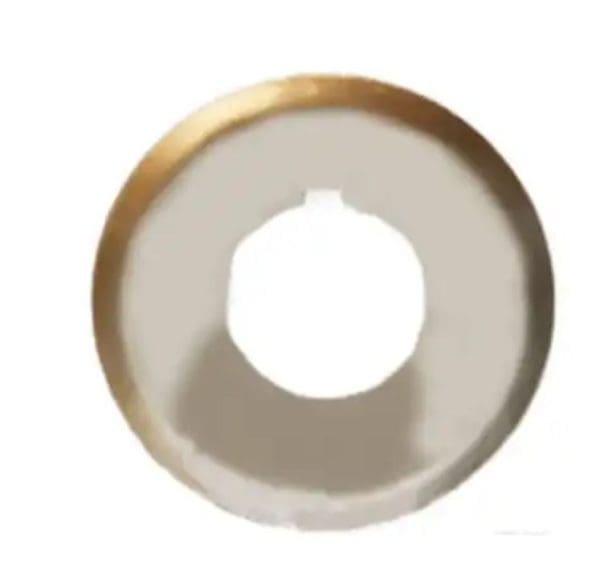 Spacer Crank Pulley – For Massey Ferguson Tractors OEM Part No. 33176137 MF Tractor Parts MF 240, 260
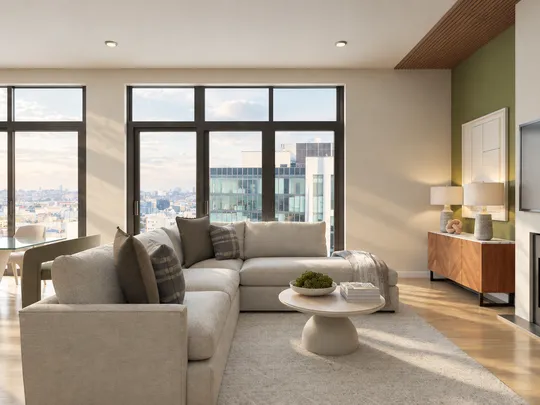 Living Room designed by Diana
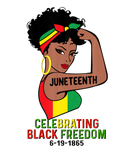 Discover 1865 Junenth Celebrating Black Freedom African Wom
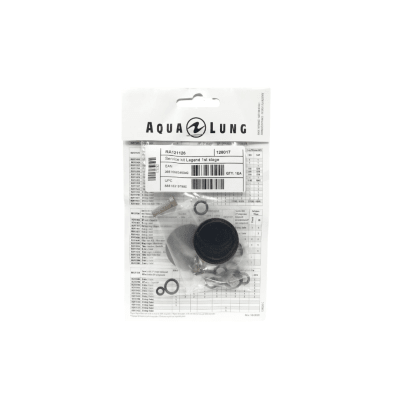 Aqualung Kit Mantenimiento Leyenda 1era Etapa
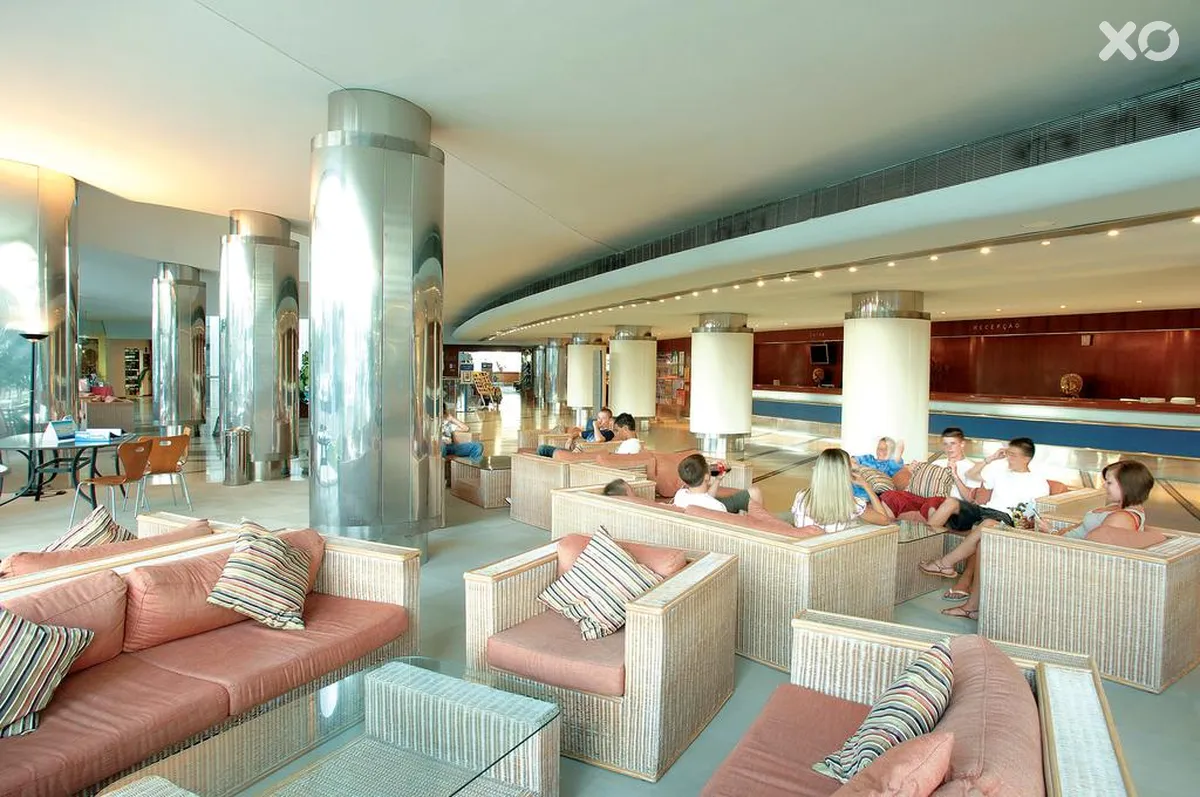 Paraiso De Albufeira Hotel Apartamento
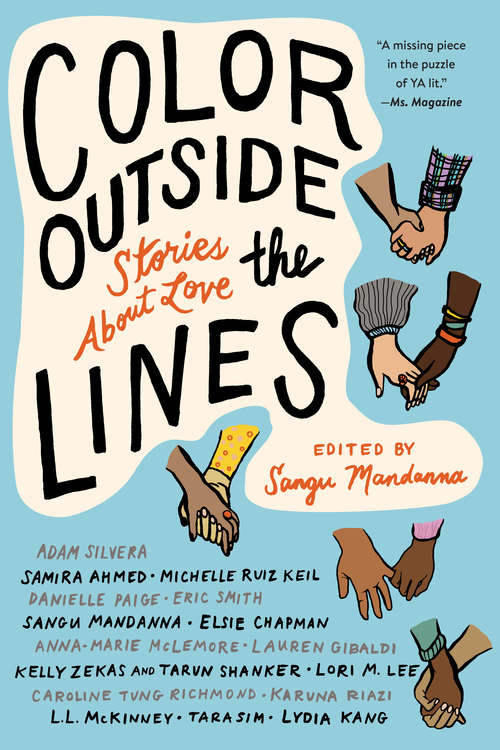 Color outside the Lines: Stories about Love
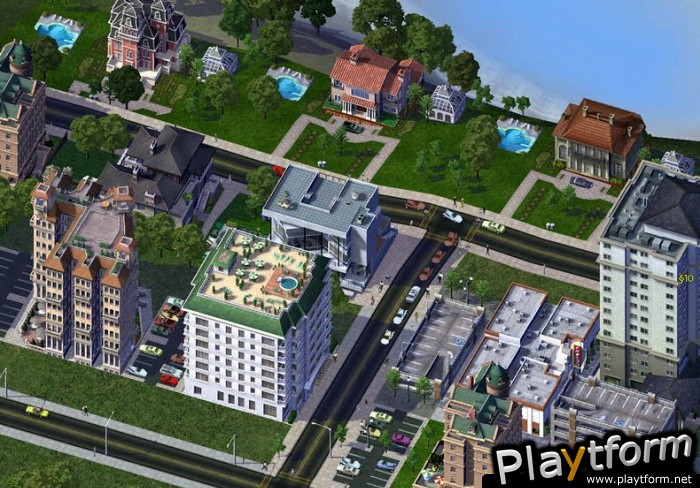 SimCity 4 (PC)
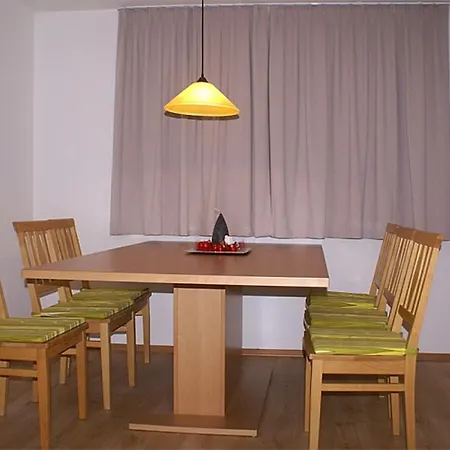 Apartamento Haus Ferienglück Sankt Anton am Arlberg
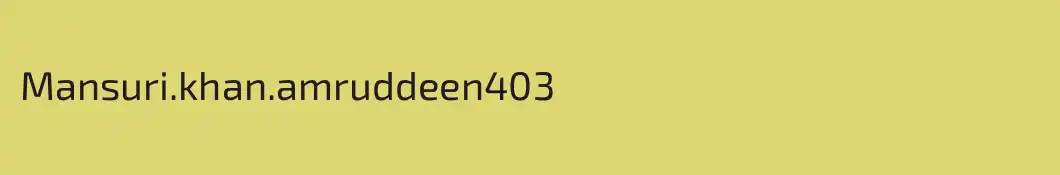 Mansuri.khan.amruddeen403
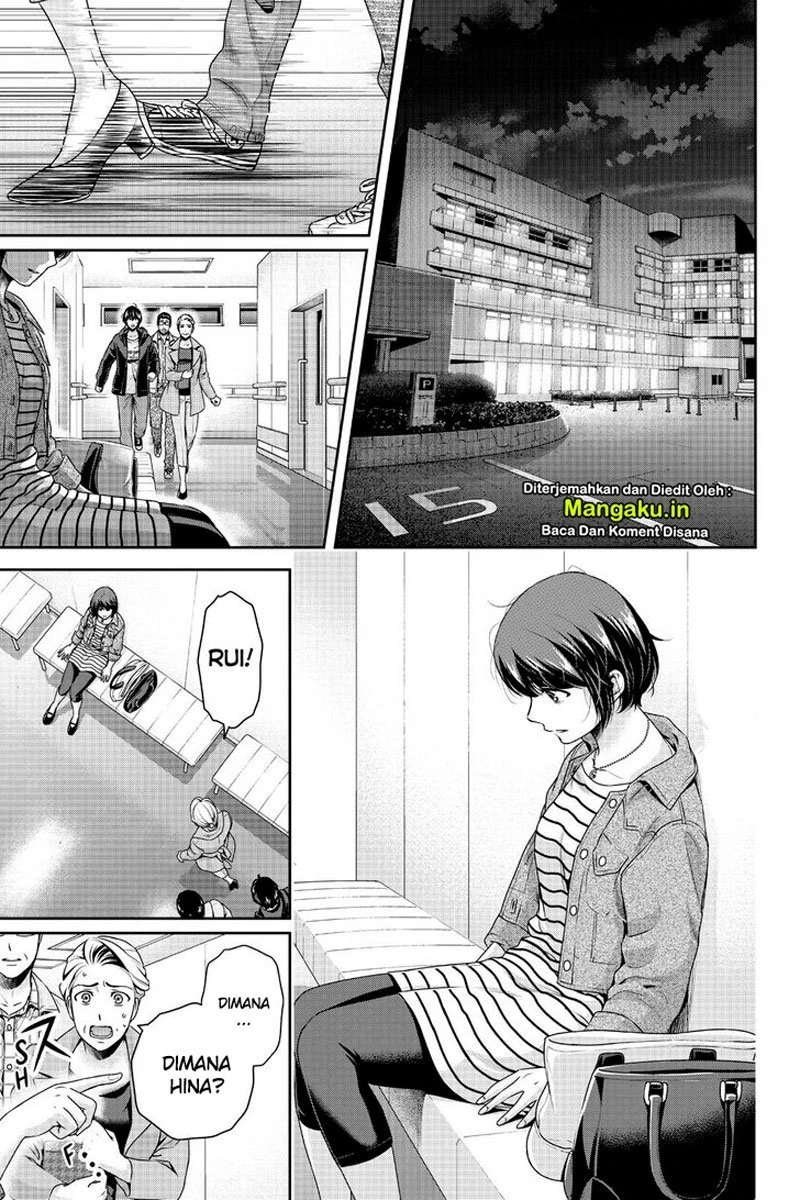 Halaman 3 — Domestic na Kanojo Chapter 271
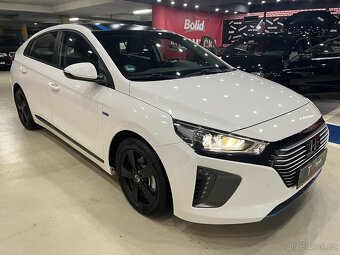 Hyundai IONIQ Ultimate HYBRID 1.6 PHEV 105t.km, 2017 - 3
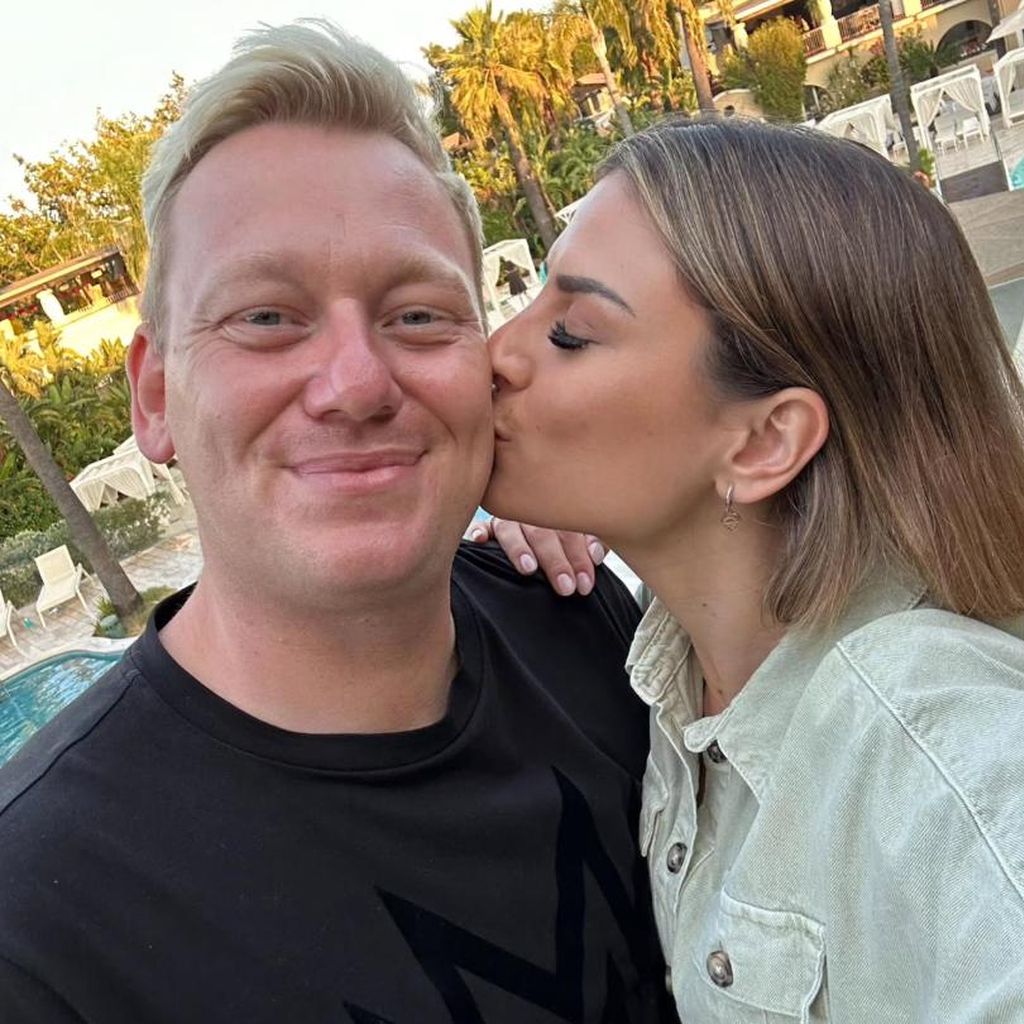 Knossi und Lia Mitrou, August 2024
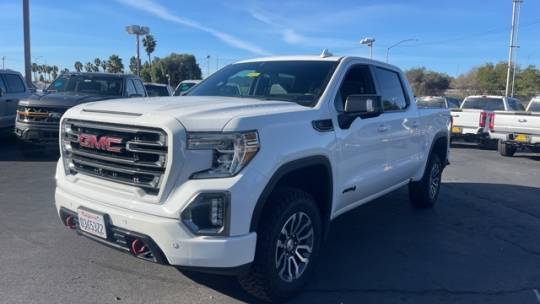 2020 GMC Sierra 1500 AT4 — Pickup Truck — 61,623 mi — Concord, CA
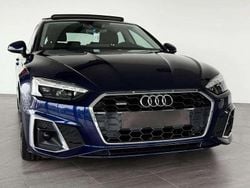 Azul Usado 2021 Audi A5 Sportback Utilitario | 31.000 € (Super precio)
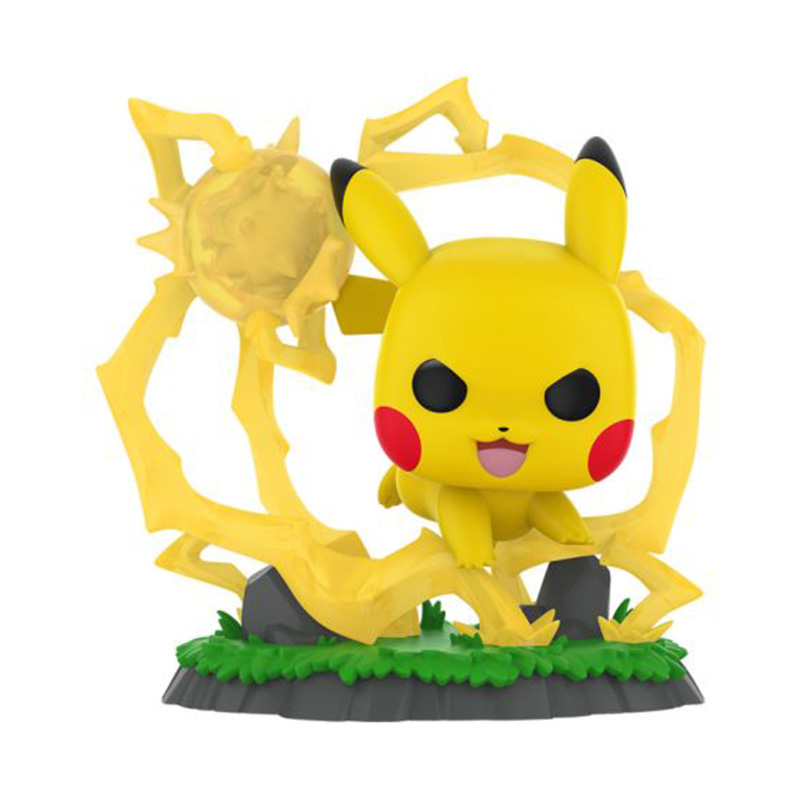 Pokemon Pop Premium Pikachu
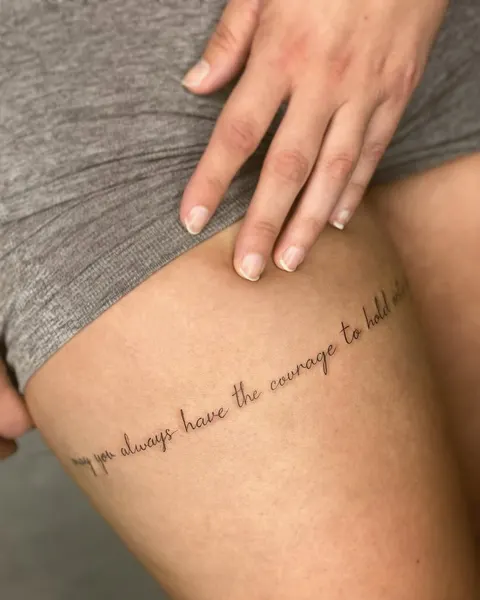 Lettering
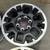 17-inch Toyota 4Runner TRD Aluminum Wheels 6 on 5.5 inches 5 thumbnail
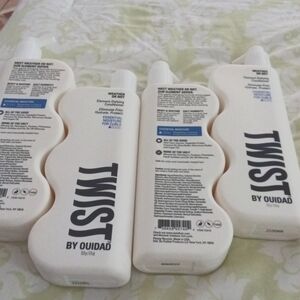 TWIST Weather or not Element-defying Conditioner, 16 ounces 4,pk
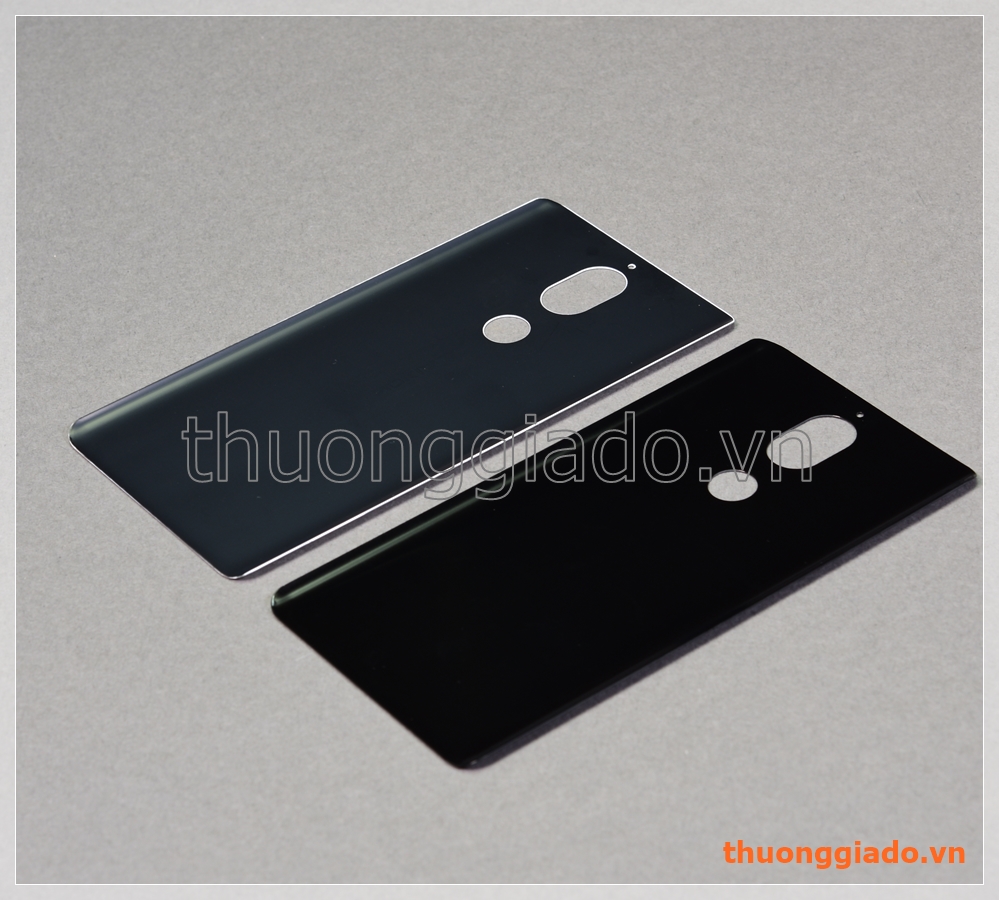 Thay kính lưng Nokia 7 (2017), nắp lưng, nắp đậy pin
++++++++++
## YOUR INSTRUCTIONS
Reproduce word for word only the lines between the line containing "17-inch Toyota 4Runner" and the end of the listing above, both included, and drop any pictures.

## EXPECTED OUTPUT
 17-inch Toyota 4Runner TRD Aluminum Wheels 6 on 5.5 inches 5 thumbnail
 TWIST Weather or not Element-defying Conditioner, 16 ounces 4,pk
 Thay kính lưng Nokia 7 (2017), nắp lưng, nắp đậy pin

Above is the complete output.